The data was first auto-labeled based on the event rate and then corrected manually. Let’s take a quick look at the data.

import os
import numpy as np
import torch
from metavision_core.event_io import EventsIterator
from metavision_sdk_core import BaseFrameGenerationAlgorithm
import cv2
  1. Load one data sample

DAT_FILE = /pah/to/chifoumi/scissors_right_close_slow_standing_recording_020_2021-09-14_15-10-27_cd.dat
label_file = DAT_FILE.split("_cd.dat")[0] + "_bbox.npy" # leveraging default EventBbox format, no bbox is required
assert os.path.isfile(label_file), "check your label input path!"
assert os.path.isfile(DAT_FILE), "check your DAT input path!"
LABEL_DICT = {"0": "paper", "1": "rock", "2": "scissor"}
VIZ_WINDOW = "Data Sample Visualization"
  1. Construct a frame based on annotation frequency

def get_delta_t(npy_data):
    deltaTs = npy_data["ts"][1:] - npy_data['ts'][:-1]
    delta_t =  np.unique(deltaTs).item()
    return delta_t
labels = np.load(label_file)
deltaT = get_delta_t(labels)
mv_it = EventsIterator(DAT_FILE, delta_t=deltaT)
height, width = mv_it.get_size()
img = np.zeros((height, width, 3), dtype=np.uint8)
cv2.namedWindow(VIZ_WINDOW)


for idx, ev in enumerate(mv_it):
    BaseFrameGenerationAlgorithm.generate_frame(ev, img)
    t = mv_it.get_current_time()
    if t in labels["ts"]:
        label = LABEL_DICT[str(labels[labels['ts']==t]['class_id'].item())]
        cv2.putText(img, label, (10, img.shape[0] - 20), cv2.FONT_HERSHEY_SIMPLEX, 2, (0,0, 255))
    cv2.imshow(VIZ_WINDOW, img)
    cv2.waitKey(50)
cv2.destroyWindow(VIZ_WINDOW)

## Model architecture

The model architecture is quite similar to the detection model described in Train Detection Tutorial, except that we only need a classifier head in the end.

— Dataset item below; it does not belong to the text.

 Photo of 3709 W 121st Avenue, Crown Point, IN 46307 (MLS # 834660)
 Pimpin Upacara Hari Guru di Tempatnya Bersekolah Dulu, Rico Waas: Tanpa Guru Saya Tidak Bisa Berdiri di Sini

Train with Pytorch lightning

To reduce your development time, we’ve created a Python sample train_classification.py, which allows you to train, fine-tune an EB classification model based on precomputed HDF5 dataset. The training pipeline is set up based on PyTorch Lightning framework. You need to split your whole dataset into 3 subsets: train, dev, and test. See details in Python sample train_classification.py.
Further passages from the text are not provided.